→ **EXERCISE REQUIREMENTS**: Each line of the records is to be returned verbatim, with the images omitted.

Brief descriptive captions
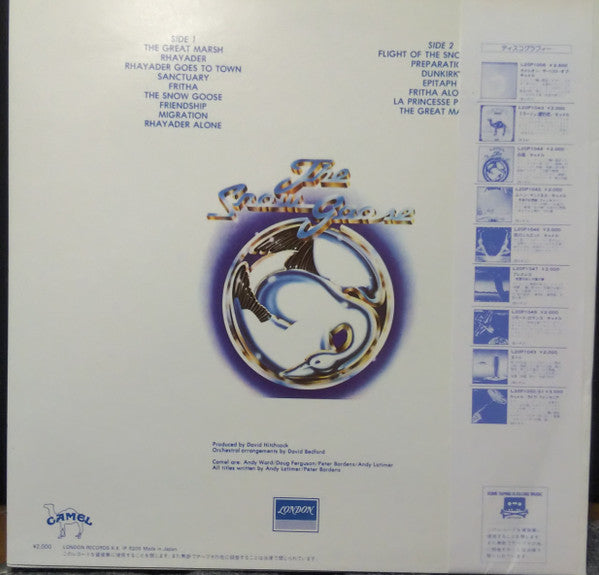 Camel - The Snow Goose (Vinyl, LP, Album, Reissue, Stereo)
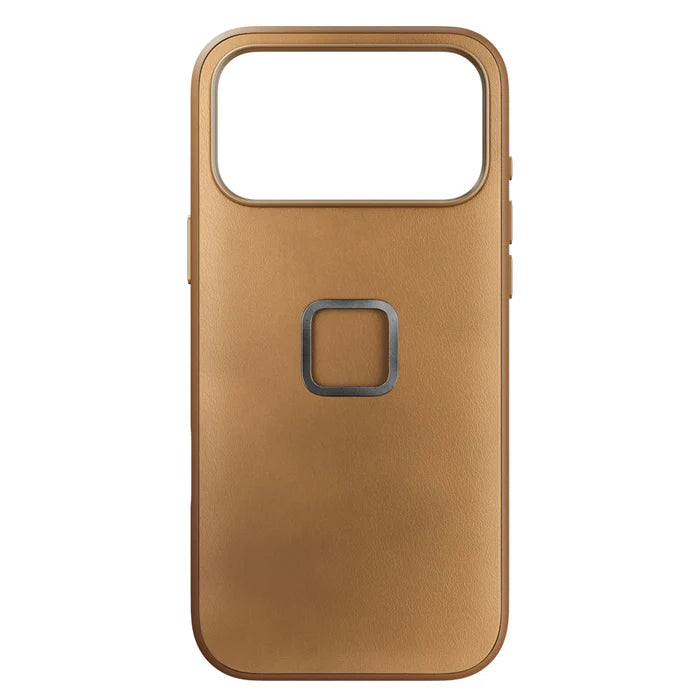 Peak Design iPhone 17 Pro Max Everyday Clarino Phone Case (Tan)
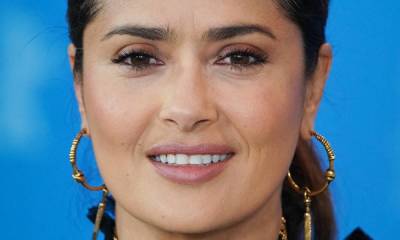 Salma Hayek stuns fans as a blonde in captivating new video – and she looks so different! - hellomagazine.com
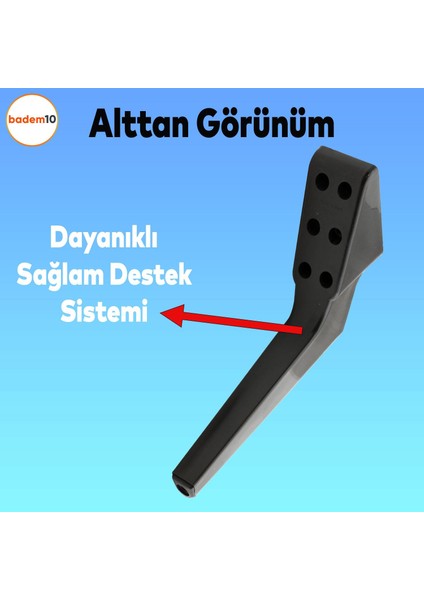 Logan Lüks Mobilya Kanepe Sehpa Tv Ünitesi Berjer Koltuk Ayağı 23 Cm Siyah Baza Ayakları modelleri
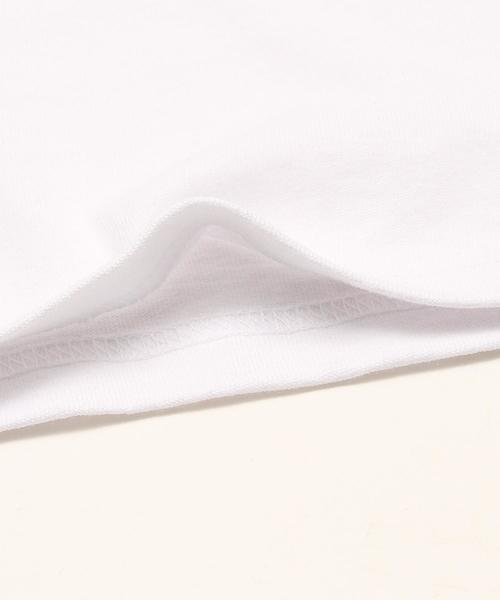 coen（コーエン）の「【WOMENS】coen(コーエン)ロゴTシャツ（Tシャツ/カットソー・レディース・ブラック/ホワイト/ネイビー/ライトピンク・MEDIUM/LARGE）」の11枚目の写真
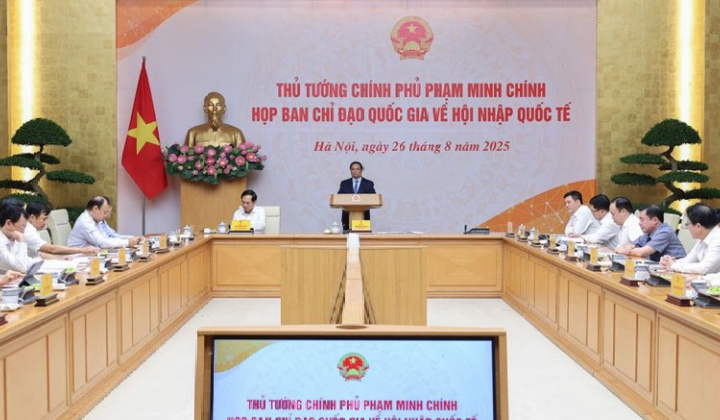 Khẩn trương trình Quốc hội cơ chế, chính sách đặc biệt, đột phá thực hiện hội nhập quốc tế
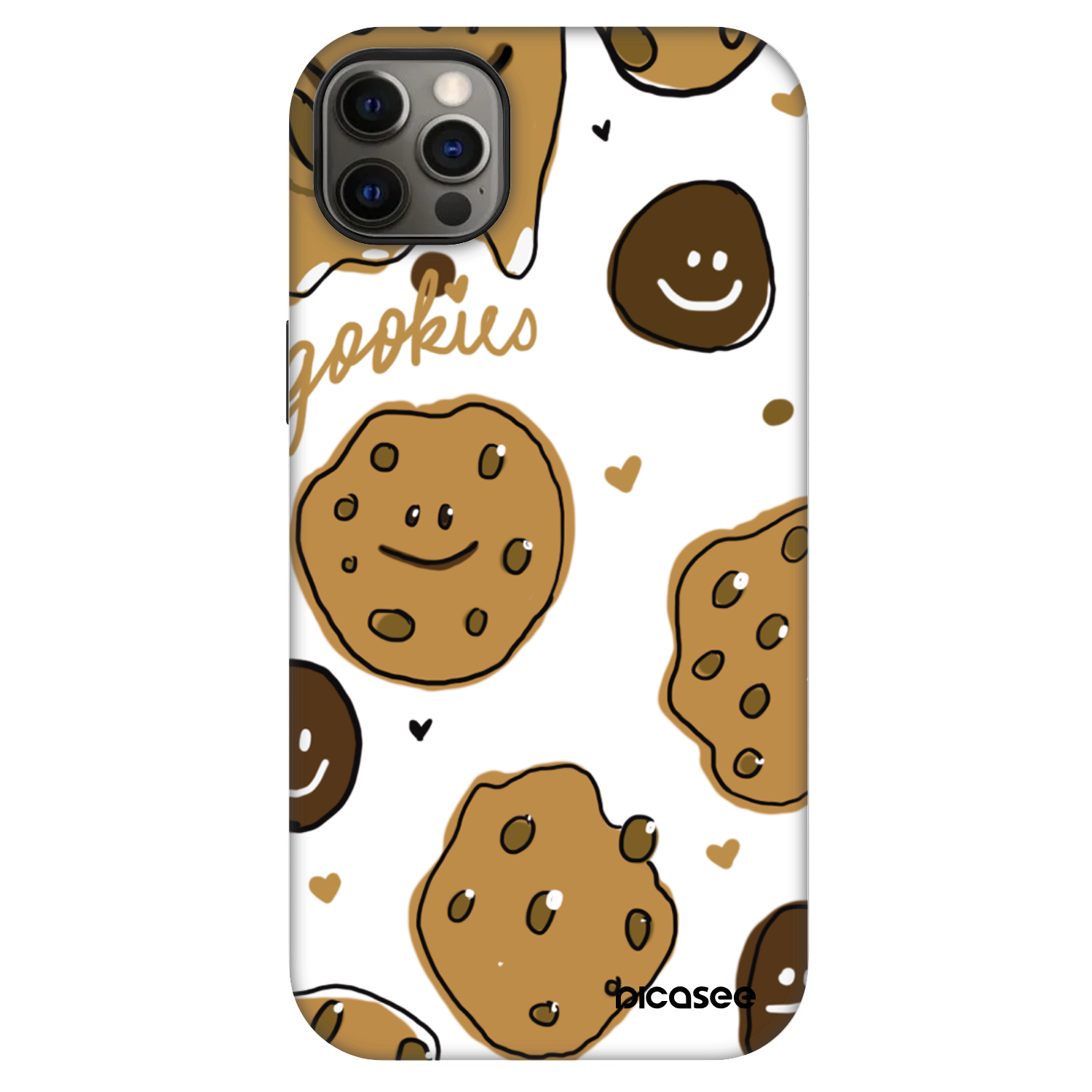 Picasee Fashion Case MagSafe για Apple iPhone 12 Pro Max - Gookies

→ **YOUR SOLUTION**:
 Camel - The Snow Goose (Vinyl, LP, Album, Reissue, Stereo)
 Peak Design iPhone 17 Pro Max Everyday Clarino Phone Case (Tan)
 Salma Hayek stuns fans as a blonde in captivating new video – and she looks so different! - hellomagazine.com
 Logan Lüks Mobilya Kanepe Sehpa Tv Ünitesi Berjer Koltuk Ayağı 23 Cm Siyah Baza Ayakları modelleri
 coen（コーエン）の「【WOMENS】coen(コーエン)ロゴTシャツ（Tシャツ/カットソー・レディース・ブラック/ホワイト/ネイビー/ライトピンク・MEDIUM/LARGE）」の11枚目の写真
 Khẩn trương trình Quốc hội cơ chế, chính sách đặc biệt, đột phá thực hiện hội nhập quốc tế
 Picasee Fashion Case MagSafe για Apple iPhone 12 Pro Max - Gookies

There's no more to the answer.